**SUPPLIED MATERIAL**:
########################################

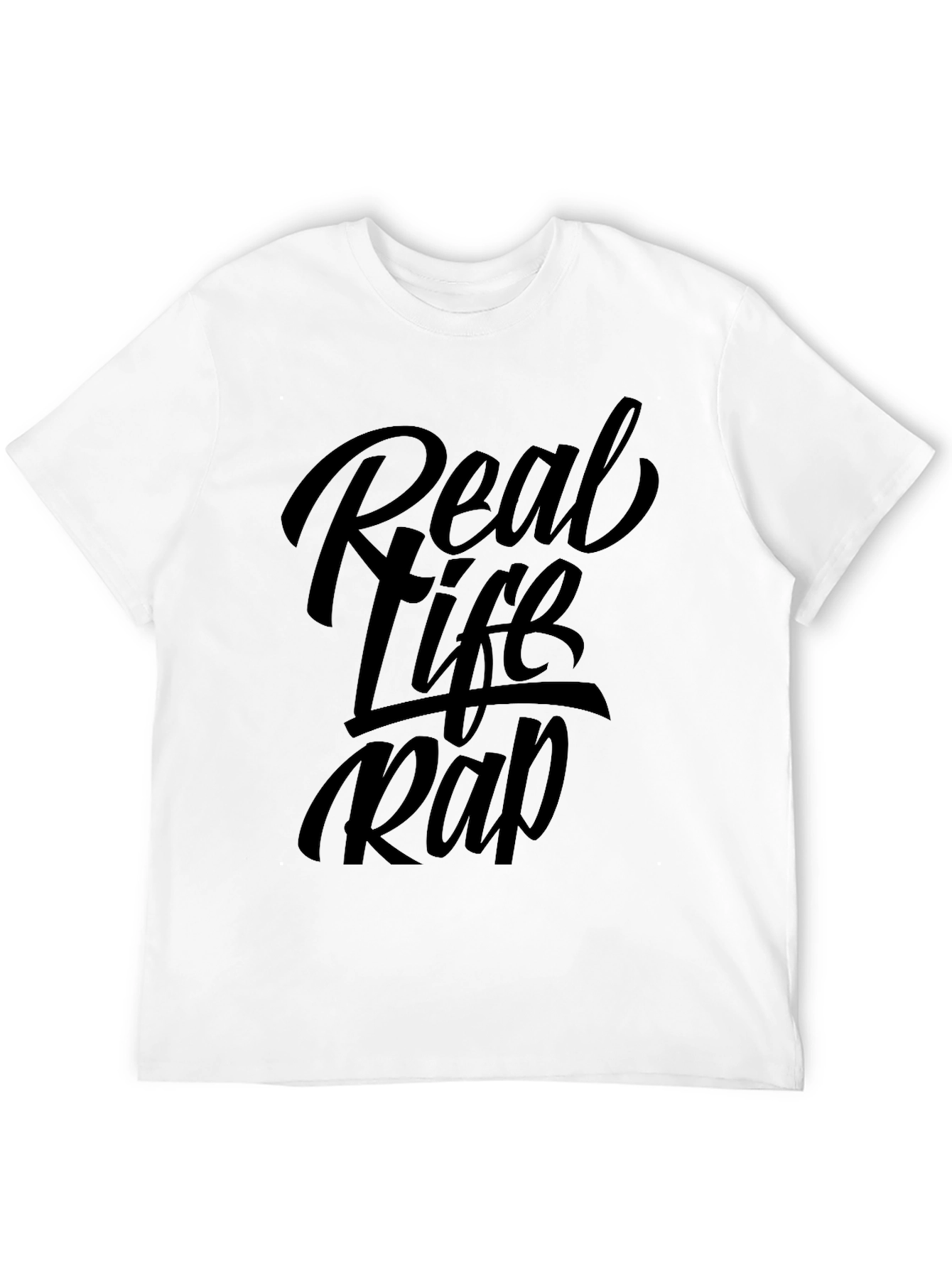 Real Life Rap Black Graphic Tee Shirt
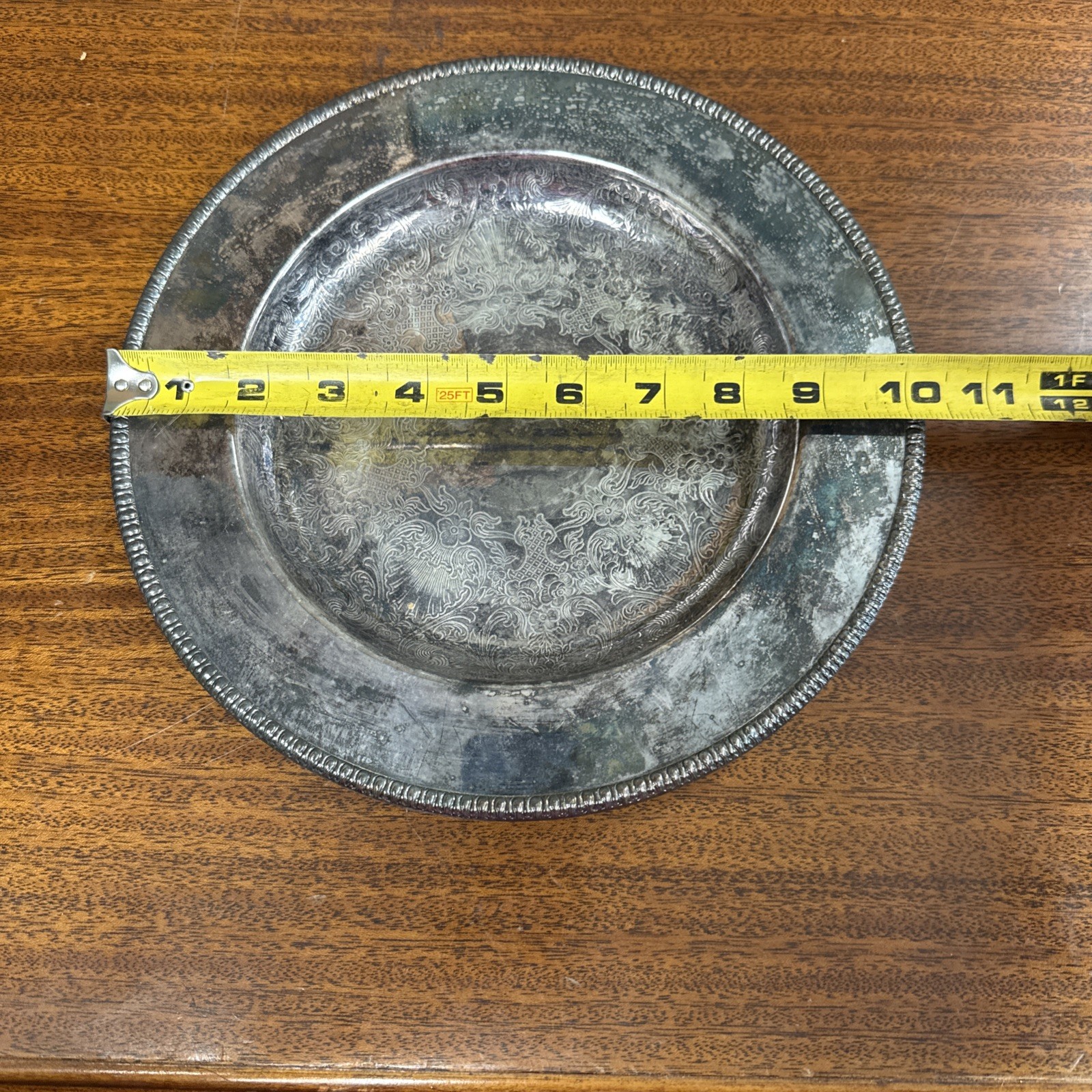 Vintage Wm Rogers Silver Plated 10 Inch Charger Or Small Tray 4511
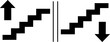 © Ninja in Pajamas - Stairs up, stairs down icon. Stairway direction information symbol. Sign navigation staircase vector. Vector Illustration. EPS 10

########################################

**EXERCISE REQUIREMENTS**: Restate the whole of the material word for word without the pictures.

**YOUR SOLUTION**:
 Real Life Rap Black Graphic Tee Shirt
 Vintage Wm Rogers Silver Plated 10 Inch Charger Or Small Tray 4511
 © Ninja in Pajamas - Stairs up, stairs down icon. Stairway direction information symbol. Sign navigation staircase vector. Vector Illustration. EPS 10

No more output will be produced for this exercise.